Статья Ваккалуццо может оказаться полезной для начала большой работы о Раписарди еще и потому, что в ней приведено много нужных фактов. Надо достать библиографию работ Раписарди и т. п. Особенно важен цикл «Правосудие», который, по словам Ваккалуццо, прославил Раписарди как пролетарского (!) поэта, «поэта более пылких слов, чем чувств», хотя именно это «Правосудие», насколько мне помнится,— типичная демократически-крестьянская поэзия.
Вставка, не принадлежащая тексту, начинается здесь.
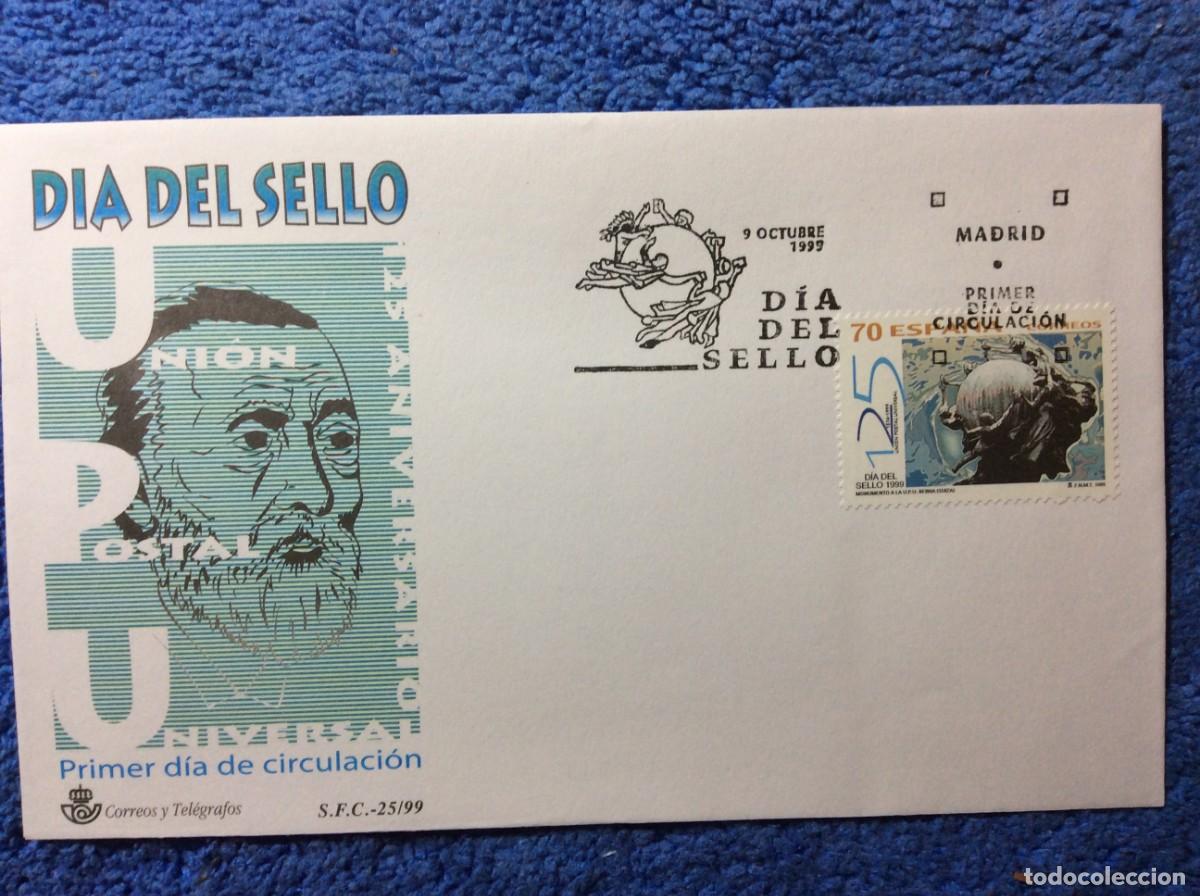 Sellos: ESPA&Ntilde;A. 1999 SOBRE PRIMER D&Iacute;A (1BBF68) - Foto 1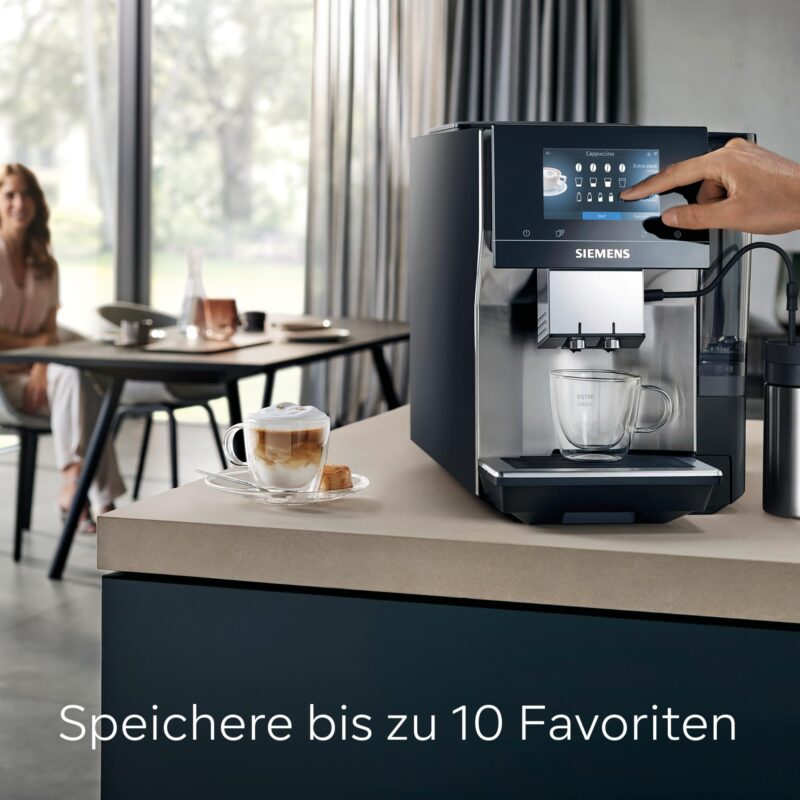 Siemens Kaffeevollautomat EQ700 classic TP715D01, App-Steuerung, Cold Brew – Bild 5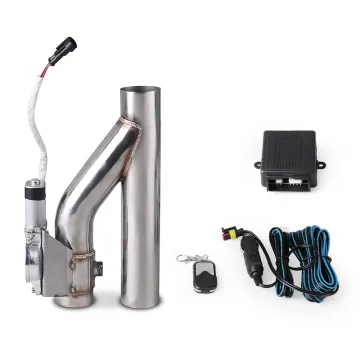 Electric Y Pipe Exhaust Cutout Valve with Hand-Wire for High Sealing and Performance Upgrade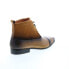 Фото #8 товара Carrucci Button-up Denim Zip Boots KB524-11 Mens Brown Casual Dress Boots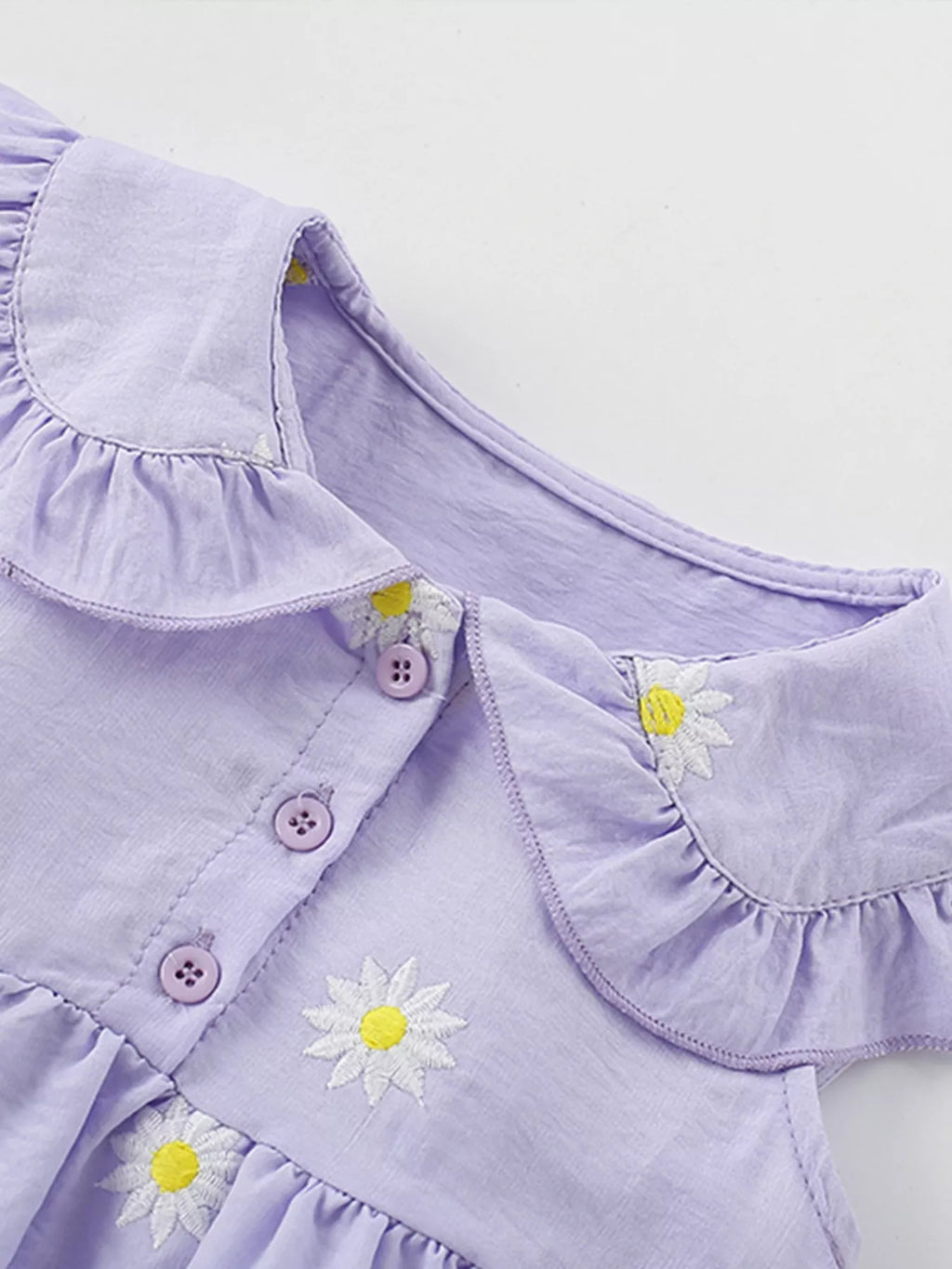 Children's Daisy Peter Pan Collar Sleeveless Dress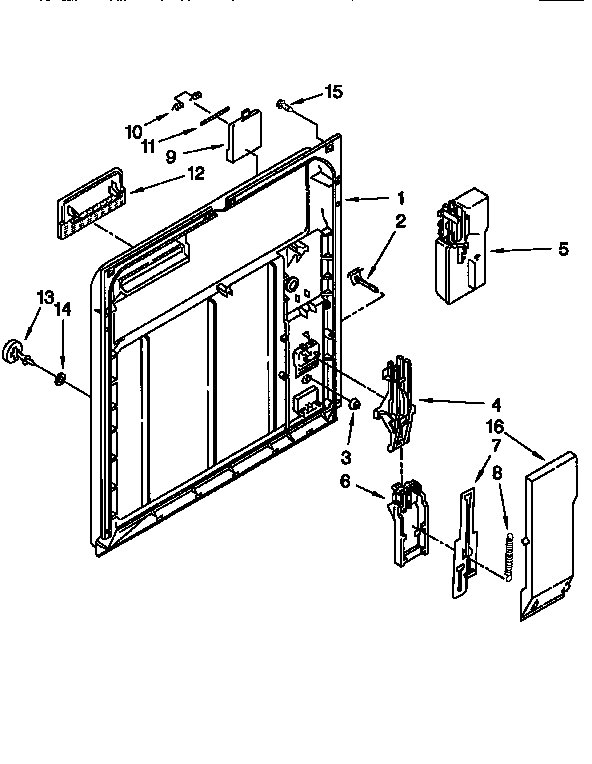 Kenmore 66517625692 inner door diagram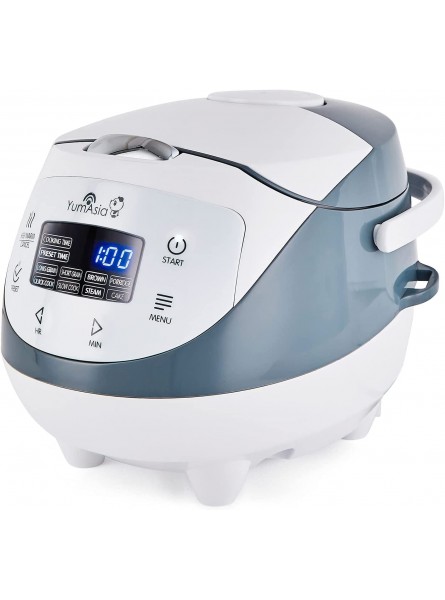Yum Asia Panda Mini Rice Cooker With Ninja Ceramic Bowl and Advanced Fuzzy Logic 3.5 cup 0.63 litre 4 Rice Cooking Functions 4 Multicooker functions Motouch LED display US Version B08Y7RHNTH
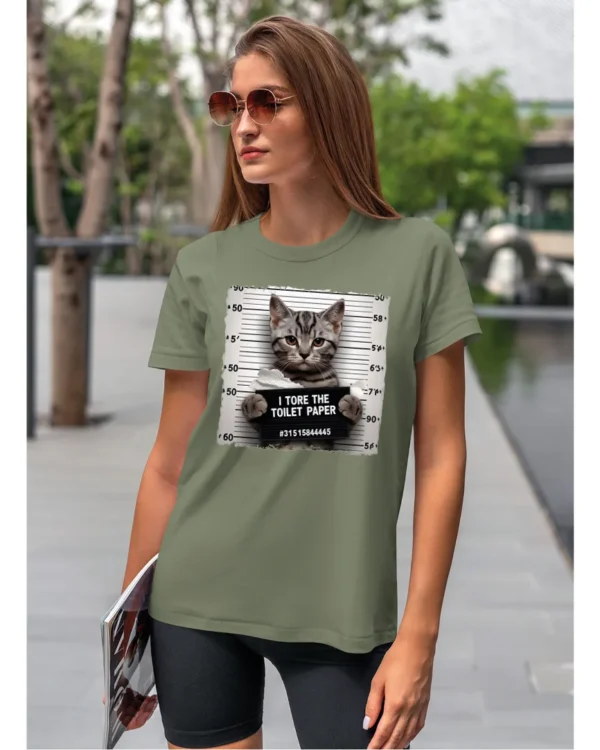 Koszulka Kocia zbrodnia doskonała – Unisex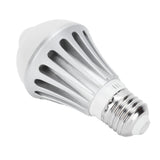 LED Sensor Light Bulb 7W E27 Human Body Sensor Bulb for Corridor 85‑265V Warm White Light - Rear View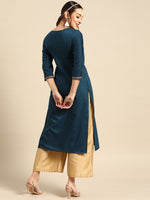 Thumbnail for Sangria Women Embroidered Floral Kurta - Distacart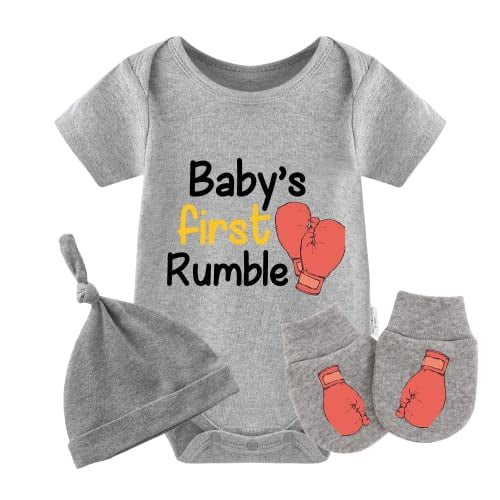 YSCULBUTOL Baby Twins Bodysuits Baby First Rumble Infant Baby Clothes Unisex Twin Romper Outfits With Hat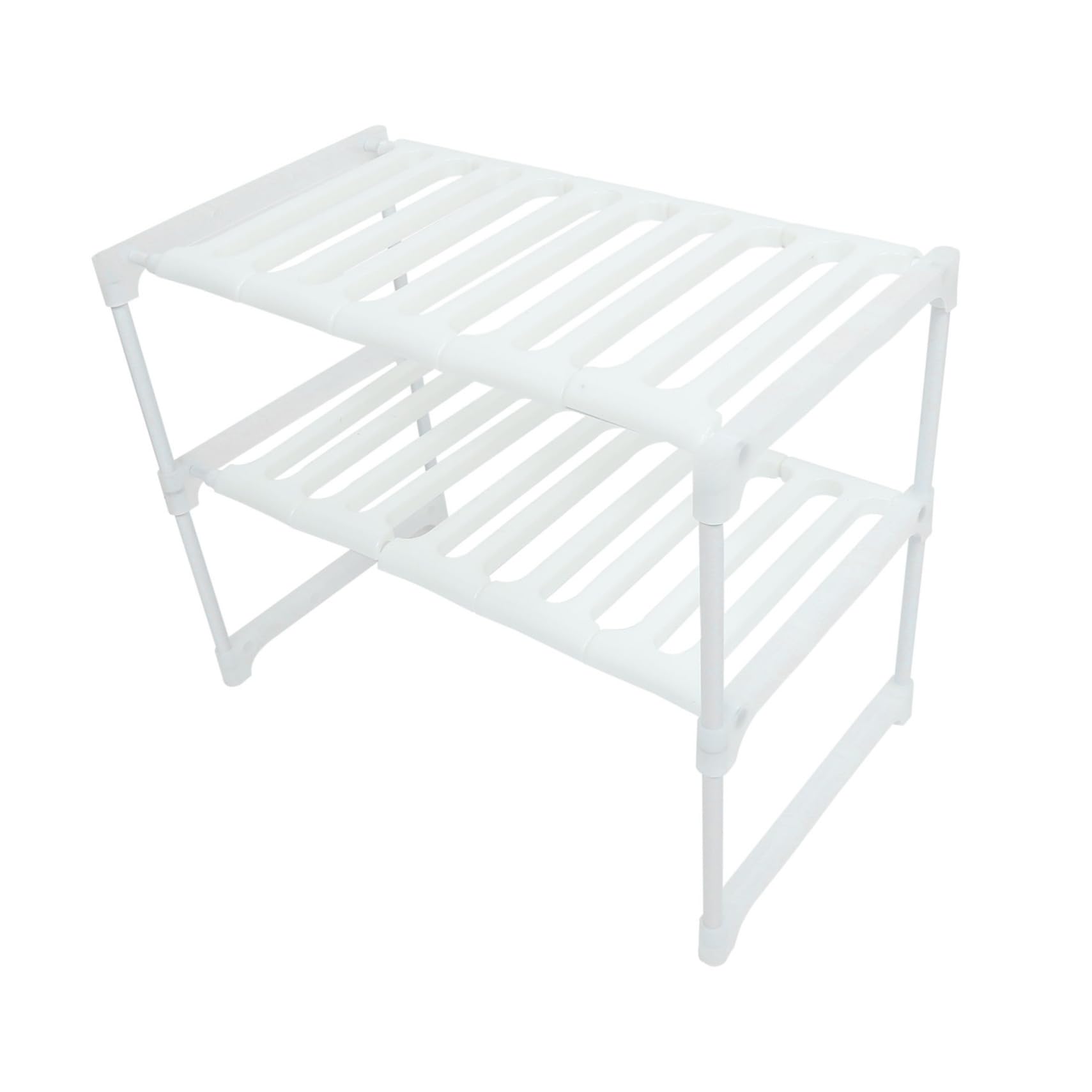 CIYODO Ergonomic Kitchen Utensils Holder Under Sink Storage Rack Stainless Steel Plastic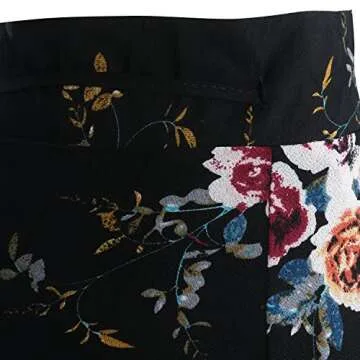 Yonala Womens Boho Floral Tie Up Waist Summer Beach Wrap Cover Up Maxi Skirt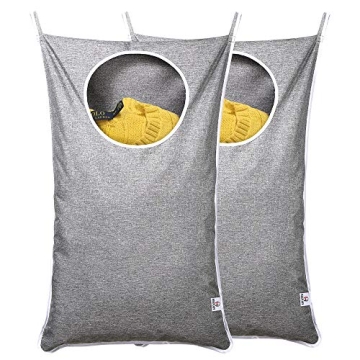 KEEPJOY Space-Saving Door-Hanging Laundry Bag - 2 Pack of Oxford Fabric Hampers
Пьедигротта. Адриано Тильгер пишет в «Лаворо» (1929, 8 сент.), что диалектальная неаполитанская поэзия — а следовательно, и песни участников традиционных состязаний на площади Пьедигротта в Неаполе — переживает сейчас тяжелый кризис. Пересохли два главных источника, питавшие эту поэзию,— реализм и сентиментализм. «Изменение чувств и вкусов было так стремительно и неудержимо, так головокружительно и внезапно и так далек еще какой-либо стабильный и прочный результат, что диалектальные поэты, отважившиеся ступить на эти зыбучие пески в поисках основательности и формальной ясности, обречены на гибель, будут погребены навеки».
Кризис поэзии «Пьедигротты» — истинный знак нашего времени. Теоретические выкладки «Страпаэзе», на самом деле способные канонизировать лишь смехотворную, заплесневелую карикатуру на «Страпаэзе», задушили все это объединение. И вообще, нынешняя эпоха склонна не к выражению чувства, а к его подавлению. Никто не смеется от всего сердца; мы умеем только хихикать и отпускать искусственные шуточки в духе Кампаниле. Источник поэзии «Пьедигротты» не иссяк. Он задушен «официальностью»: песенники стали чиновниками.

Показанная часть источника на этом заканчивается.